Canadians should brace for $1.50 gallon gas prices in the near future as global oil supply will increasingly have trouble keeping pace with demand, forecasts a new energy report from CIBC World Markets.

The report predicts that surging demand in developing economies combined with accelerated depletion of existing supply and widespread delays in getting new oil fields up and running will see the global supply of oil fall as much as 8 million barrels a day below U.S. Department of Energy and International Energy Agency estimates by 2012.

“Those projections ignore two fundamental forces that have, in recent years, brought global production to a virtual standstill,” says Jeff Rubin, chief strategist and chief economist at CIBC World Markets. “The first is depletion.

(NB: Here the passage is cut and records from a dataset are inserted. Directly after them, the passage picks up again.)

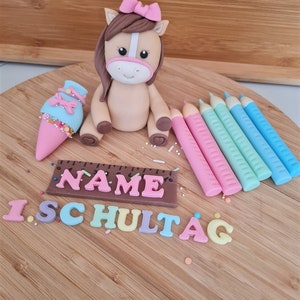 Einschulung Fondant Figuren Pony mit süße Schultüte Wahlweise mit Stifte,Bücher u. Lineal mit Name Erste Schultag Schultüte Tortendekoration Bild 9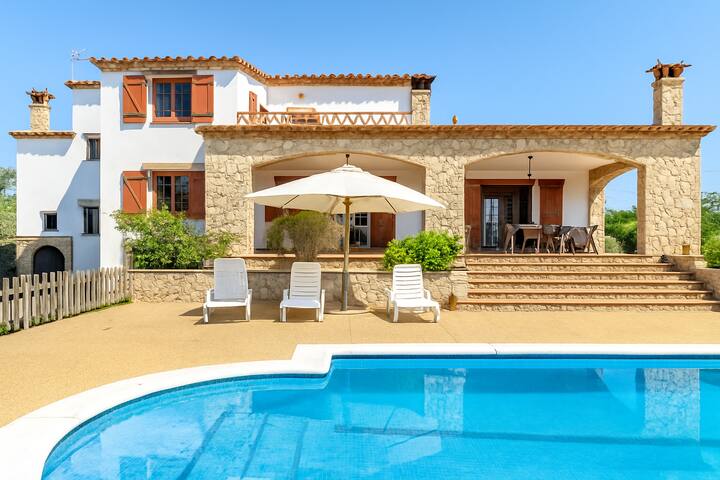 Villa con piscina ideal familias – Costa Brava gallery image 3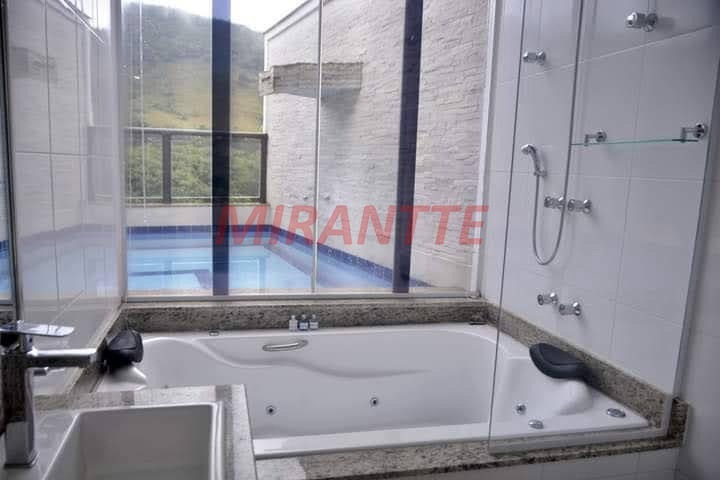 Sobrado de 1450m² com 25 quartos em bairro dos forjos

You have to run faster to stand still. Depletion from existing fields has accelerated to over 4%, a rate that currently cuts nearly 4 million barrels per day out of each year’s production.

“The second fundamental force blowing up supply forecasts is the huge project delays and massive cost overruns associated with many of the world’s largest new oil mega-projects. From Kazakhstan to Nigeria’s Delta region, protracted delays in some of the world’s largest energy mega-projects will have huge impacts on actual supply growth over the next five years.”

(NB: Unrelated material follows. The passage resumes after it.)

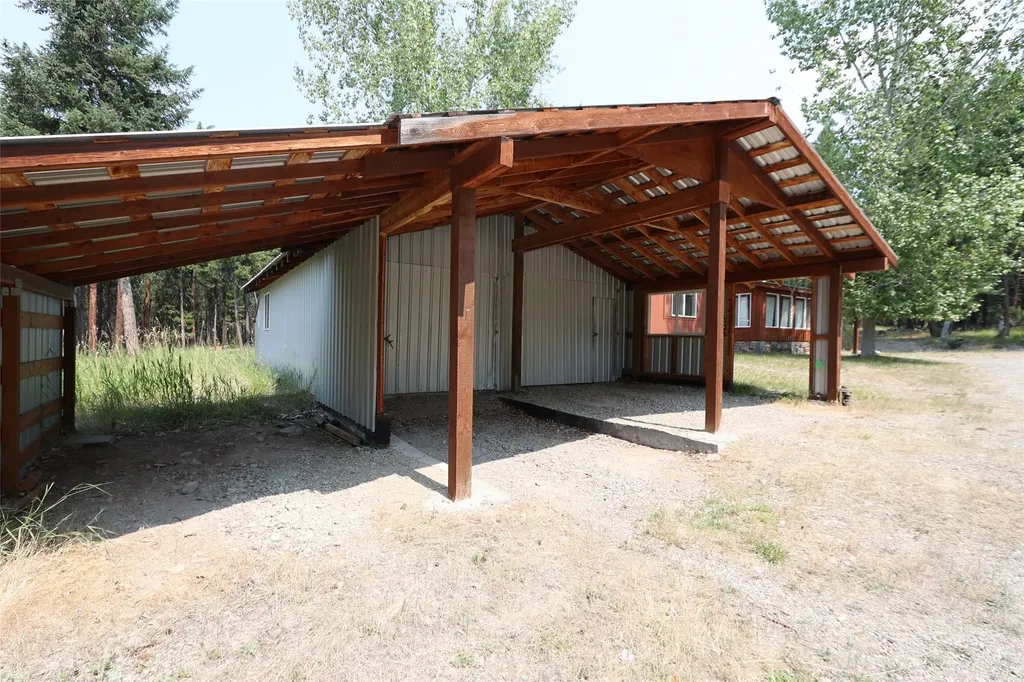40 Old Cedar Creek Road Plains MT 59859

CIBC World Markets says it reviewed nearly 200 new oil projects slated to start production over the next five years and found that scheduled production timelines are far too optimistic, with project delays the norm, not the exception, among the group.

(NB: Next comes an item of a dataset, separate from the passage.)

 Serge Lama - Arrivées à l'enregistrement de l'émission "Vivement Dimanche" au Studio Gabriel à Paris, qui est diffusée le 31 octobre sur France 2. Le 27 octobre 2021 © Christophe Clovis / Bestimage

Rubin notes that delays in the Venezuela and Canada will shave over 700,000 barrels a day from earlier 2012 production forecasts.

“Of course, stagnant conventional world oil production underlies the recent problems associated with harvesting unconventional supply. Virtually all of the increases in global oil production have occurred from deepwater fields or oil sands, with conventional production seemingly stuck at 2005 levels of 67 million barrels per day.”

These project delays are also happening at a time of accelerated global depletion in existing fields. The rate has climbed to over 4%, which cuts nearly four million barrels per day out of each year’s production. The recent increases are in part, related to the growing importance of offshore, and, in particular, deepwater fields, which have depletion rates twice that of conventional fields.